Supreme Court of the State of New York, Nassau County
Dec 1, 2009
2009 N.Y. Slip Op. 32870 (N.Y. Sup. Ct. 2009)

Opinion

9709/07.

December 1, 2009.


The following papers read on this motion:

Notice of Motion/ Order to Show Cause .......... 1-3 Answering Affidavits ........................... 4, 5 Replying Affidavits ............................ 6-7a Briefs: .......................................

Upon the foregoing papers, it is ordered that this motion by-defendant for an order pursuant to CPLR 3212 granting summary-judgment in favor of defendant dismissing all claims against it contained in plaintiff's complaint is granted in part, and denied in part, as set forth below.

Crescent is a plumbing and heating contractor that performs work on major construction projects. It is located in the Bronx, New York, and has approximately 50 employees. Plaintiff was hired as a Project Engineer/Manager, Estimator and Purchasing Agent by Crescent when he was 54 years old. His employment with Crescent was terminated on February 13, 2007, when he was 65 years old. According to Crescent the reason for the termination was plaintiff's poor attitude and poor work performance.

Plaintiff claims that he was treated differently from other employees and his employment was terminated because of his age. Plaintiff alleges that he was promised an incentive bonus in the sum of $90,000 for the Hunts Point Phase I Project ("Phase I"), of which $20,750 remains unpaid. He further alleges that he was promised an incentive bonus in the sum of $250,000 for the Hunts Point Phase II Project ("Phase II"), of which $180,072.00 remains unpaid. Plaintiff states that he submitted statements to Crescent enumerating the monies due on the separate incentive bonuses, and that the statements were accepted without objection.

Plaintiff commenced this action in mid-2007, alleging five causes of action: employment discrimination on the basis of age, the breach of an agreement to pay the balance of a bonus in the amount of $20,750, an account stated for $20,750, the breach of an agreement to pay balance of a bonus in the amount of $180,072, and an account stated for $180,072. Crescent denied the allegations of the complaint, alleged six affirmative defenses, and further alleged a counterclaim for tortious interference with business relations.

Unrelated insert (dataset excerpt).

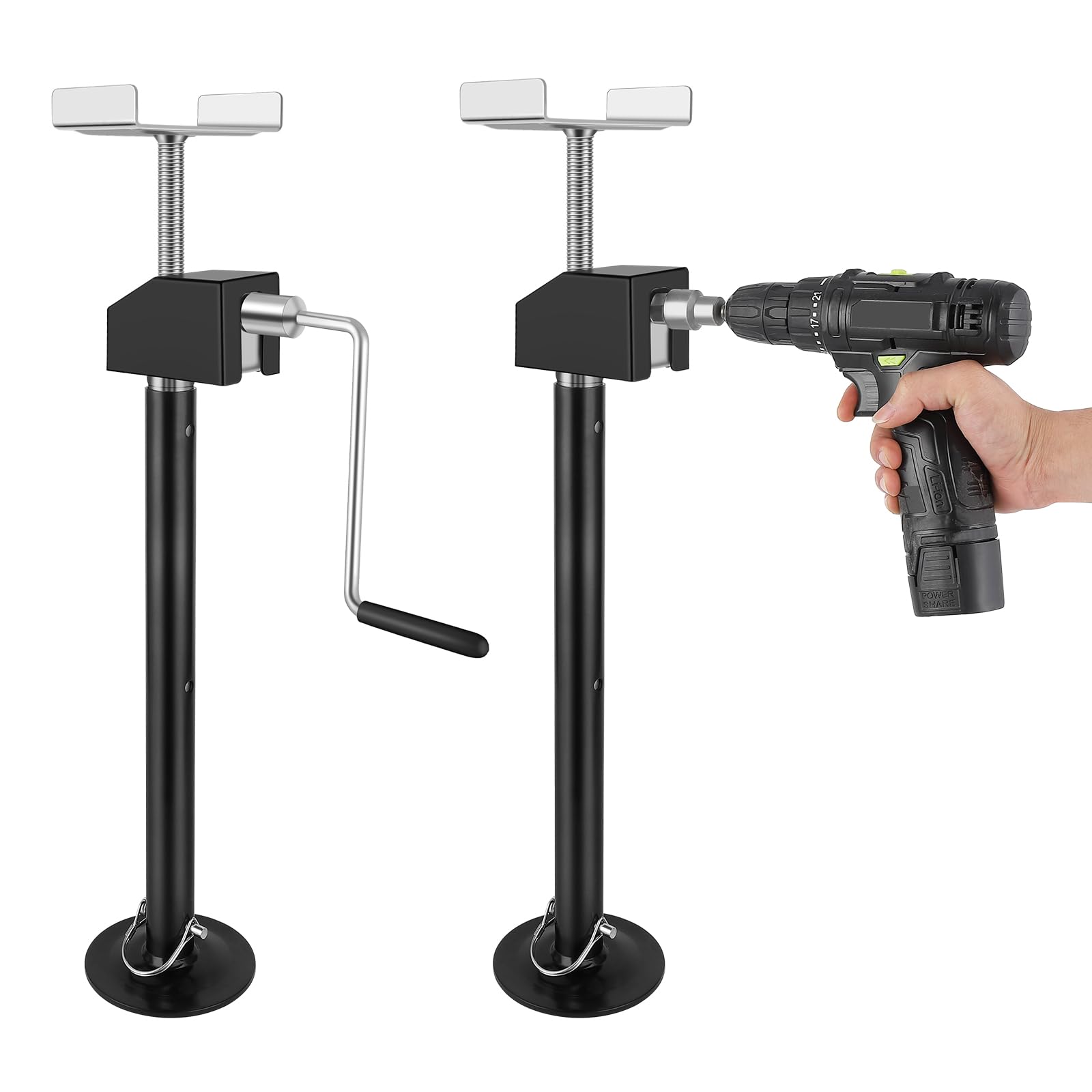 

2 Pack Heavy Duty RV Jacks 10,000lbs Slide Out Support Jack For Camper Trailer 21 -49 Adjustable Height 2 Pcak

On this motion Crescent seeks summary judgment dismissing all of the plaintiff's claims in the complaint.

Summary judgment is the procedural equivalent of a trial [S.J. Capelin Assoc., Inc. v Globe Mfg. Corp., 34 NY2d 338, 341 (1974)]. The proponent of a motion for summary judgment must make a prima facie showing of entitlement to judgment as a matter of law, offering sufficient evidence to demonstrate the absence of any material issues of fact [see Alvarez v Prospect Hosp., 68 NY2d 320 (1986); Zuckerman v City of New York, 49 NY2d 557 (1980)] . Once the movant makes its prima facie showing, the burden shirts to the opponent, who must produce evidentiary proof in admissible form sufficient to establish the existence of material issues of fact which require a trial [ Alvarez, id; Zuckerman, id] . The evidence must be viewed in the light most favorable to the non-moving party [ Ruthinowski v Brinkman, 63 AD3d 900, 902 (2nd Dept. 2009); Pearson v Dix McBride, LLC, 63 AD3d 895 (2nd Dept. 2009)].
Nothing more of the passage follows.